I added `PressCurve` to see if that would solve the problem, but it didn't. `xsetwacom` lists the devices normally.


----------



## mablung_miriel (Mar 25, 2019)

A *Wacom Intuos Pro Medium* here, also without pressure sensitivity in GIMP, and in Krita 4.1.5 crashes when the pointer of the Stylus enters in the drawing area (tested on an Asus laptop with HD 620 graphics and on a desktop with AMD processor and graphics). I was expecting a new version of Krita but I understand from other topics that the tablet is not fully supported. Well, I would have liked to replace my own Linux workstation with a FreeBSD one...

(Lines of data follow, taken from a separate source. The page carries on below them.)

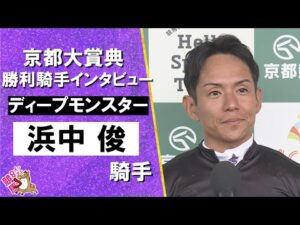 2025年 京都大賞典(ＧⅡ)  勝利騎手インタビュー《浜中俊騎手》ディープモンスター【カンテレ公式】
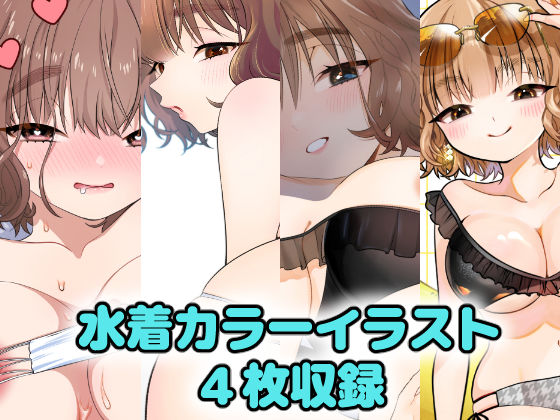 水着の姉ちゃん（『同棲してる姉と弟』番外編） - サンプル画像 4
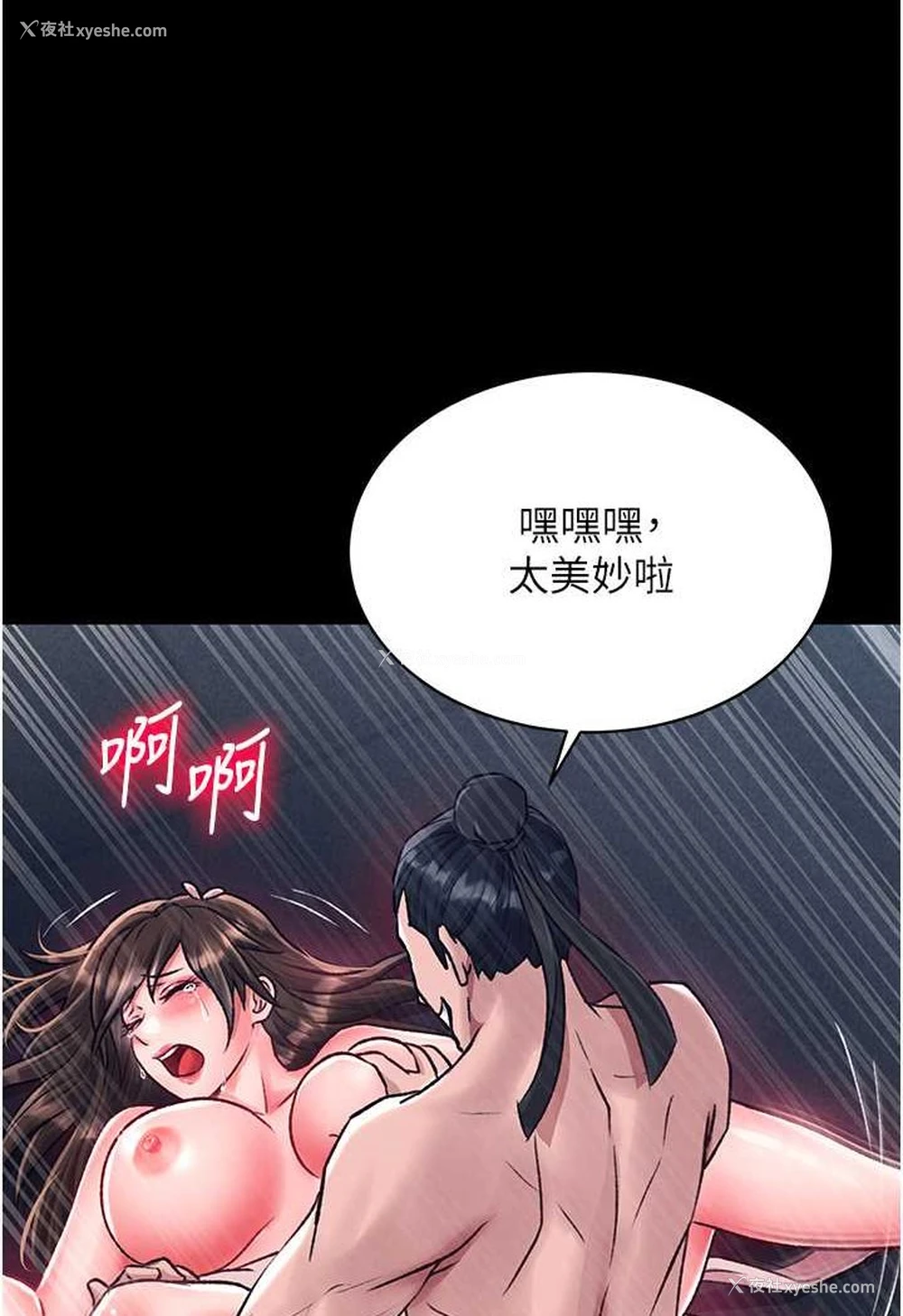 39P - 射雕英雄传：一捅天下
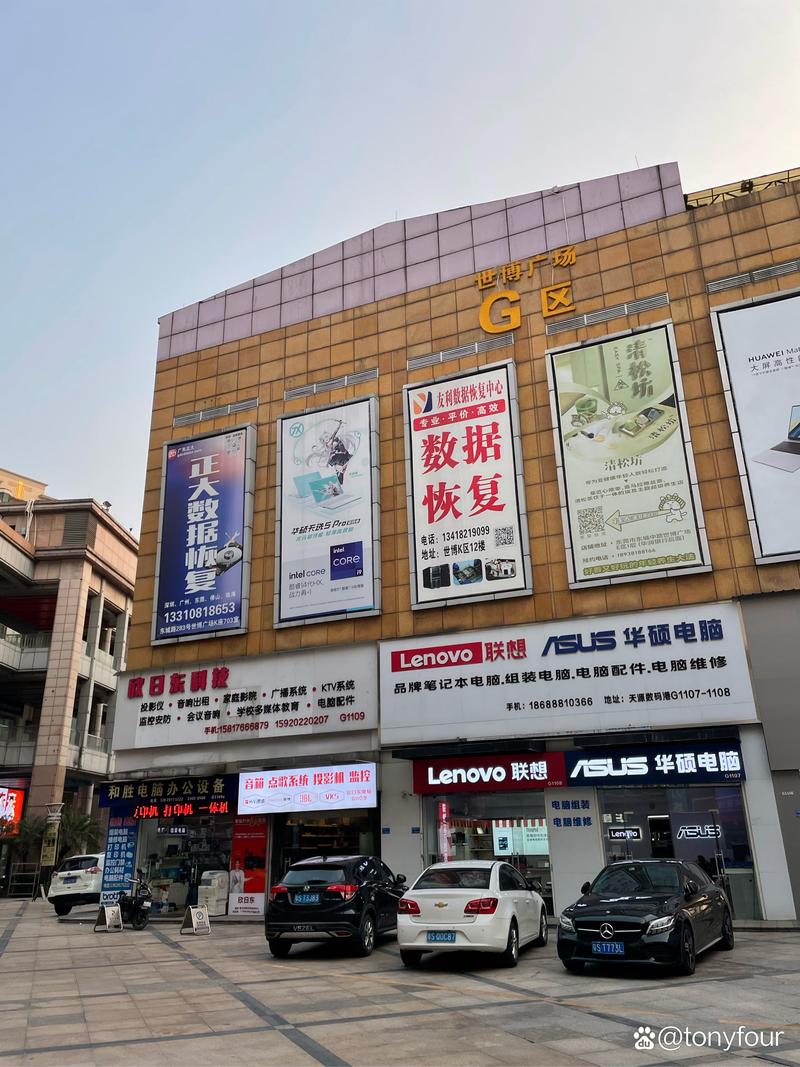 东莞大朗有那几个电脑城,在哪?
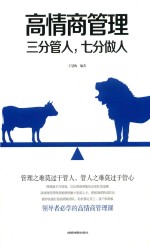 高情商管理  三分管人，七分做人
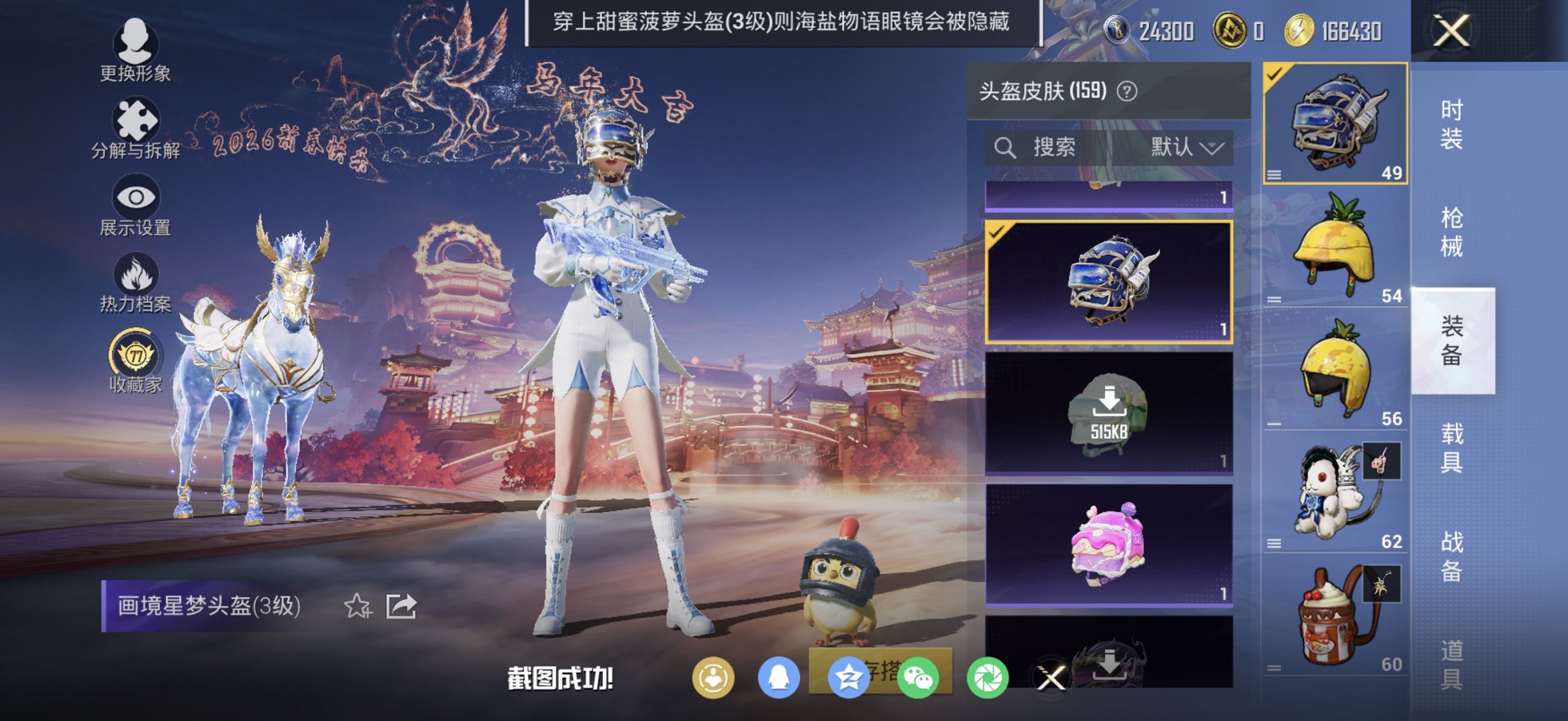 HPCMW4114399和平精英账号详情图8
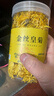 茗愿菊花茶【买2件=发4罐共约360朵】金丝皇菊胎贡菊花特茶级花草茶叶 【买2送2共360朵再送杯】 【泡开约6-8cm】30克 实拍图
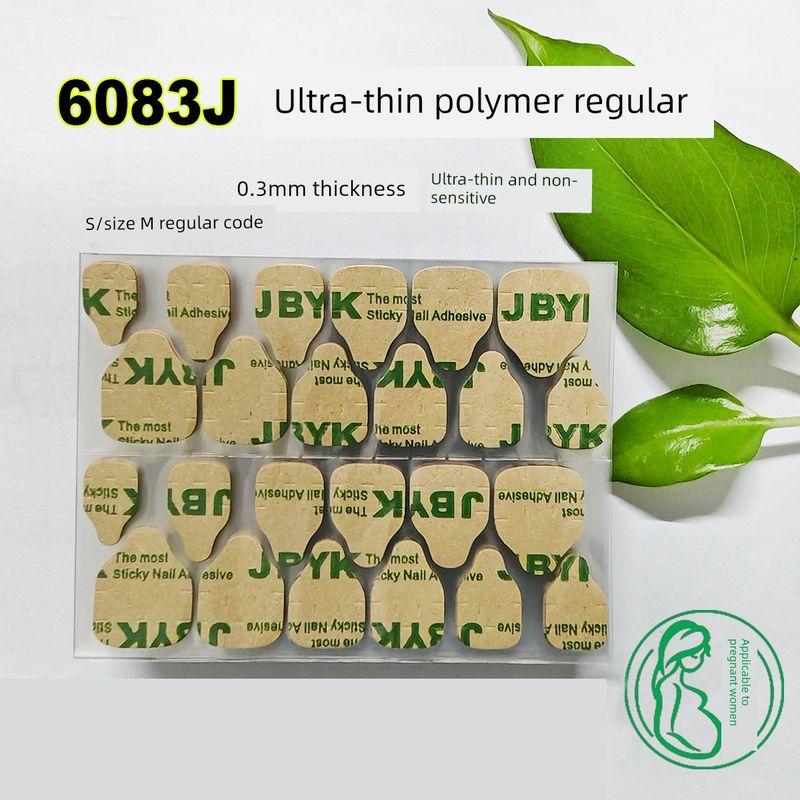 

Wear Nail Special Jelly Glue Nail Stickers Double-Sided Brown Packing Paper Nail Shaped Piece Patch Super Sticky Durable Firm Detachable Ultra-thin jelly [5 sheets/120 stickers]]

I am already able to use FreeBSD to program and debug STM32 microcontrollers and I have everything set to use also PIC12-16-18 microcontrollers. 

Also Lazarus+FreePascal works well and compile the *VPC* (Visual Pin Configurator for Nucleo-L152RE board) application developed initially on Linux. 

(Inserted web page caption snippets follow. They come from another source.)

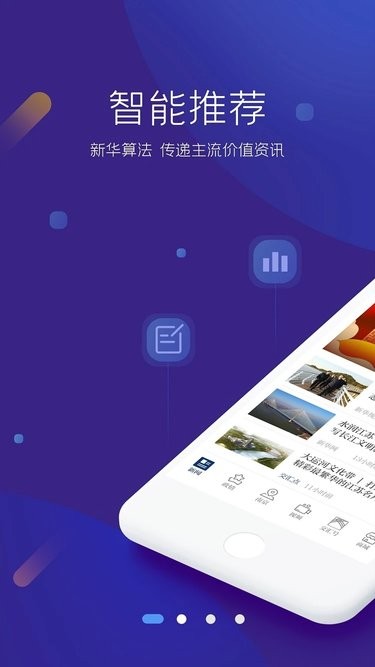 交汇点新闻客户端苹果版下载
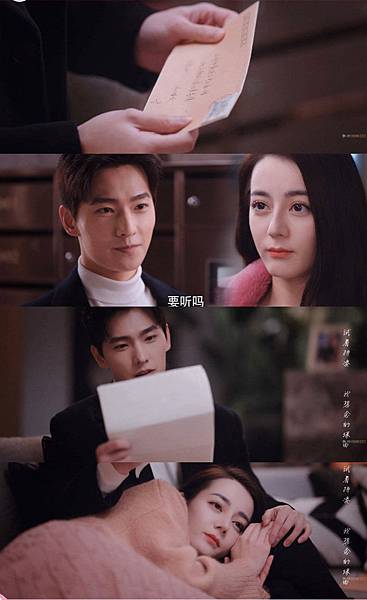 你是我的榮耀 36.jpg 你是我的榮耀 36.jpg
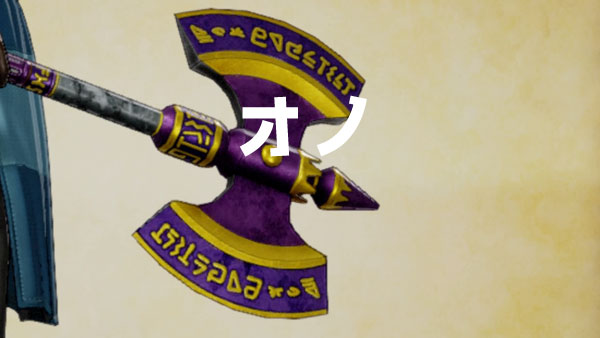 Dq11攻略 武器データ オノ 一覧 性能 効果 レシピなどをまとめ ゲームれぼりゅー速報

My wife's office and social media needs are fully covered by the actual FreeBSD version, no complains here.

Unfortunately, because I don't have a working pair of Krita+Wacom Intuos Pro Medium, my daughter (that is a student at an art school) is against making the family main computer a FreeBSD workstation  

Maybe next time... 'till then, I use it on a live USB memory stick.


----------



## felselva (Apr 2, 2019)

Unfortunately I was never able to solve this problem


----------